“They’re just nurses, simply a doctor’s assistant,”…a cliché that is nothing new to us. In fact, some patients would treat us as if we are their paid servants. As professional health care providers, we would usually marginalize such perceptions and focus more on our patients. However, for the “nth time,” it would also be best to demarcate how nurses and doctors work hand in hand and what tasks are best done or can only be done by nurses and not by doctors.
First and foremost, this is not written to underestimate or demean a health care provider. Working in the health care industry is not only physically strenuous but also emotionally. Finally, this article is drafted to create a sense of awareness on the distinctions of nurse’s and doctors’ roles and their limitations.
If we are to describe these two health care providers, we would say that doctors are superior to nurses, which is somehow true in terms of hierarchy. However, this does not imply that they are also superior to nurses in terms of skills. According to Maverick Health, doctors and nurses can be differentiated in an effortless manner. Doctors study and cure disease, while nurses study and heal people. On the other hand, their technical delineation is, “a physician is a person with formal education and training in medicine, i.e., the treatment of diseases using drugs, procedures and/or surgery. A nurse practitioner is a registered nurse with formal education in the care of the sick plus advanced education and training in the diagnosis, treatment, and management of common and chronic illnesses.” The direct quote from Maverick Health expounds that both doctors and nurses do the same tasks but demonstrate it from different perspectives.

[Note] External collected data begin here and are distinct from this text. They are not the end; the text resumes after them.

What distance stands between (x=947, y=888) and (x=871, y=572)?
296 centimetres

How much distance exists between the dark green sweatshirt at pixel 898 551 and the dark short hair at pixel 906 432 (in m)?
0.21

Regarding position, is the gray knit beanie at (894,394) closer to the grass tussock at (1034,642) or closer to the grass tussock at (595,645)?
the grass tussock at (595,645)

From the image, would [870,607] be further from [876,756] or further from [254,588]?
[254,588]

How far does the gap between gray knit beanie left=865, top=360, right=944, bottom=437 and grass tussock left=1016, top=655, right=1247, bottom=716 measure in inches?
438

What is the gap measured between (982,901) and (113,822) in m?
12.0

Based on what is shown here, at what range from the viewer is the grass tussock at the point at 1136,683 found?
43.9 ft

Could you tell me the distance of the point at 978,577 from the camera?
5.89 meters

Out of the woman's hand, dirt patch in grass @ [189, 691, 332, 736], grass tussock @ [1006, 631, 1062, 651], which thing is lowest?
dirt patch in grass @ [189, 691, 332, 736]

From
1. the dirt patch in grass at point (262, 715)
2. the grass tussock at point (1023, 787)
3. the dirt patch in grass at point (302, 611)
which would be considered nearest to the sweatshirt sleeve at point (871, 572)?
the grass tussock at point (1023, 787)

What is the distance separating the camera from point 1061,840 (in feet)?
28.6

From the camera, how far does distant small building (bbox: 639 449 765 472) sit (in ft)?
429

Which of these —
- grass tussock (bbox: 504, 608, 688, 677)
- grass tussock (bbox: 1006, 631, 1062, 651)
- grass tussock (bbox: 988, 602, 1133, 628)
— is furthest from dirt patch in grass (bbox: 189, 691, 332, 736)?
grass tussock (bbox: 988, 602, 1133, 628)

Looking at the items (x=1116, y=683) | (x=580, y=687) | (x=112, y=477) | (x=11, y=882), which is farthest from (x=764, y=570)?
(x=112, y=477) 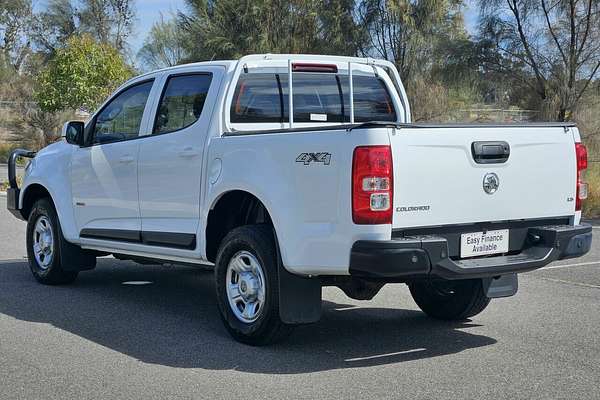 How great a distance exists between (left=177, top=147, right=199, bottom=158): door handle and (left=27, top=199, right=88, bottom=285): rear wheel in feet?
7.30

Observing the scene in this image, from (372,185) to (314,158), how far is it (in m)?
0.45

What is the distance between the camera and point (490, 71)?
21797 millimetres

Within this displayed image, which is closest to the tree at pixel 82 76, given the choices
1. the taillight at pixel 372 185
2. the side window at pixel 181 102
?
the side window at pixel 181 102

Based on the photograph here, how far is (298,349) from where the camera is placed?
261 inches

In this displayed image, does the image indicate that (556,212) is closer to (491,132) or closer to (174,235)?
(491,132)

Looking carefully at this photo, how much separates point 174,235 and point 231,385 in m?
2.01

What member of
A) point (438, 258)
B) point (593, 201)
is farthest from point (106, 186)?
point (593, 201)

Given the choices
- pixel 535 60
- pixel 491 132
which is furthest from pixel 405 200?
pixel 535 60

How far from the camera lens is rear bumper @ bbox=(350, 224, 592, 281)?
18.8ft

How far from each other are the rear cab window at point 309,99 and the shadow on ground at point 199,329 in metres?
1.64

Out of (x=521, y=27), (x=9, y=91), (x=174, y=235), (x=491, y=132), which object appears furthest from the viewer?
(x=9, y=91)

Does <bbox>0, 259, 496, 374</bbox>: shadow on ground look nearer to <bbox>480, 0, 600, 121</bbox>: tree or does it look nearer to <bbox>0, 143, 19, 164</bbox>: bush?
<bbox>480, 0, 600, 121</bbox>: tree

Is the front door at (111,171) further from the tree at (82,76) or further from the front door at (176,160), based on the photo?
the tree at (82,76)

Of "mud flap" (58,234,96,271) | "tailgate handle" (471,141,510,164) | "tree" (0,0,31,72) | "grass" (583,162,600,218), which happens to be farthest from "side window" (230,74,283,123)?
"tree" (0,0,31,72) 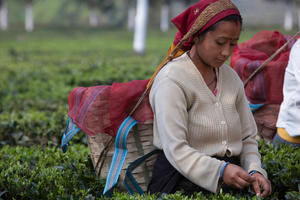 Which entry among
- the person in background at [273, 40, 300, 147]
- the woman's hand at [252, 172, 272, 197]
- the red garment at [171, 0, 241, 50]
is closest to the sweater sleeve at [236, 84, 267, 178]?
the woman's hand at [252, 172, 272, 197]

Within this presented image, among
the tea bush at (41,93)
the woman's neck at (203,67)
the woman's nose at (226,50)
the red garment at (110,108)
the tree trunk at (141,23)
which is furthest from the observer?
the tree trunk at (141,23)

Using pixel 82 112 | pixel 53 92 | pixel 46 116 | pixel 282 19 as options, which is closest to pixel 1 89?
pixel 53 92

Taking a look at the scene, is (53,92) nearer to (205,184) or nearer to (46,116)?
(46,116)

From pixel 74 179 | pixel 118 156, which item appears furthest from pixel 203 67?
pixel 74 179

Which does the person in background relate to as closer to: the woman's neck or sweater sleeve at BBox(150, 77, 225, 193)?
the woman's neck

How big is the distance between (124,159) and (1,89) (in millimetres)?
5683

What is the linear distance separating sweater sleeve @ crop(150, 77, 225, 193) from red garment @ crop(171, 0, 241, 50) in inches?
14.3

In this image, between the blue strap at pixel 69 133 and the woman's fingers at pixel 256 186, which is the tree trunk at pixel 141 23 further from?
the woman's fingers at pixel 256 186

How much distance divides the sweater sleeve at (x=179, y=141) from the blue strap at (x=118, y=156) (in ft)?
1.02

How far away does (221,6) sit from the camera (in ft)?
8.71

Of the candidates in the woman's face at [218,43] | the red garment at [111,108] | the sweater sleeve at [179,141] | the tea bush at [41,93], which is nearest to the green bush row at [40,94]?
the tea bush at [41,93]

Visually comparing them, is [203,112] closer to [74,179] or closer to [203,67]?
[203,67]

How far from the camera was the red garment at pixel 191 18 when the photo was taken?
8.64 feet

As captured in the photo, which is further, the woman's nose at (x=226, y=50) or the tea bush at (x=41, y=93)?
the tea bush at (x=41, y=93) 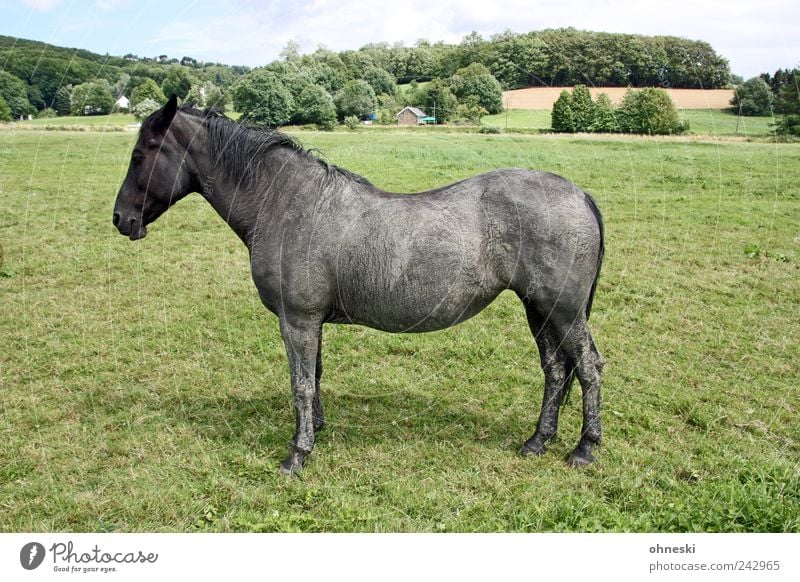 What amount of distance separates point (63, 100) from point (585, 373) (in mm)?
5701

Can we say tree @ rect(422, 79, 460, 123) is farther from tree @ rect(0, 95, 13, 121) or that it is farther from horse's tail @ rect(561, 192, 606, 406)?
tree @ rect(0, 95, 13, 121)

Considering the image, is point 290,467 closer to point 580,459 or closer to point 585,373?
point 580,459

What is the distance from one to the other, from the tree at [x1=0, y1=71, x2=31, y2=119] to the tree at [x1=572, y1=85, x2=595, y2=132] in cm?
565

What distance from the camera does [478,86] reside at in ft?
16.3

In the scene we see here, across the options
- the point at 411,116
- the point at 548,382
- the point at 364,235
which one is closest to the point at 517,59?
the point at 411,116

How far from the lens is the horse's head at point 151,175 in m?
4.48

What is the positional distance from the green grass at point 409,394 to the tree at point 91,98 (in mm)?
705

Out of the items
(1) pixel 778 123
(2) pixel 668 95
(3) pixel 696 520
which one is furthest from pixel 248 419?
(1) pixel 778 123

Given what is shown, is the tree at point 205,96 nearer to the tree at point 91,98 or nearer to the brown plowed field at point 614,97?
the tree at point 91,98

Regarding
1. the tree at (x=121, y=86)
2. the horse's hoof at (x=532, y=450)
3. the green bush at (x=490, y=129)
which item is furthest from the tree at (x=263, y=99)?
the horse's hoof at (x=532, y=450)

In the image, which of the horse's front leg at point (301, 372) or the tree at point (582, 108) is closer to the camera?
the horse's front leg at point (301, 372)

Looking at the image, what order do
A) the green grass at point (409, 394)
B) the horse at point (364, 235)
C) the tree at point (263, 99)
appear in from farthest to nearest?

Maverick Health also explained that there had been studies conducted that found that nurse practitioners also do about 80% to 90% of what the doctors do. In addition, the care rendered by nurse practitioners is at least equivalent and, in certain instances, even superior to the care provided by doctors. These results may have some degree of biases; however, it is also a venue for us to ponder how such results could be possible.
What can the NURSES DO that DOCTORS CAN’T?
Nurses are Flexible
Although we have GPs who take care of general health concerns in their earliest stage, most doctors are limited to their specialized areas. As a nurse, we can work across various units or wards without the need to have a formal education again. In fact, our supervisors can assign us to different unit the next day if needed (this often transpire when there is a shortage of nurses in a unit or ward).
A medical diagnosis focus on the illness, while a nursing diagnosis focus on the patient. Medical diagnosis is back-up with laboratory works and procedures in order to confirm the disease. Technically speaking, we know how to make medical diagnoses since we also have knowledge of interpreting laboratory results. In addition to this, we are also aware of confirmatory tests used that help rule out certain diseases from consideration. On the other hand, doctors do not know how to make nursing diagnoses. A nursing diagnosis is beyond medical procedures and laboratory results, for it is patient-oriented. In my perspective, I would consider nursing diagnosis to be more complicated, since we do not only focus on the disease per se but also on other responses brought about by their disease/s. This means that we also need to deliberate on their emotional, mental, social, and spiritual needs aside from the physical aspect. Each of these aspects has a unique impact on the patient and should not be marginalized.
We can do bedside care for half a day.
We know our patients better because we can stay with them longer, unlike doctors who would only spend 15 minutes (probably maximum) during their rounds. This is one of the great advantages of nurses, which doctors can also benefit from, because staying with the patient’s longer allows us to assess better and address their needs. Oftentimes, this becomes an opportunity for us to uplift their spirit, enabling and empowering them to enhance their health. We must admit that medicine is not the ultimate cure for everything; sometimes, having someone to talk and giggle with makes our patients feel better.
Hands-on tasks are often better done by nurses.
There are certain tasks which we can say, “are better done by us.” I would say that we are more competent in these skills, for we do it more often than doctors. But the hard truth is, this can’t always be the reason because patients have high regard for doctors, and most would expect them to be very competent in every possible skill. Skills such as taking blood pressure using the palpatory method, insertion of IV line, and catheterization, to name a few, are the skills that nurses are more competitive at.
Like what I said previously, nothing from this article intent to disgrace any doctors. Therefore to be, here are some of the tasks that Doctors can do but Nurses cannot:
- Nurses cannot make prescriptions of medications.
- Nurses cannot conduct surgeries and other invasive procedures
- Nurses cannot certify death legally
- Nurses cannot provide medical diagnosis
- Nurses cannot make final decisions for the patient’s care.
Doctors, nurses, med tech, rad tech, and other health care professionals have different roles but aim on the same goal. Thus, as a patient, we should consistently give high regard to them for they work hand in hand for our best interest. As nurses, we should also respect other health care providers because, without one of them, holistic care to all patients may not be possible. In the health care industry, “No Man Is an Island,” or should I say “No Health Care Provider Is an Island,” because we will always be needing the aid of one another. This connection will forever and perpetually exist.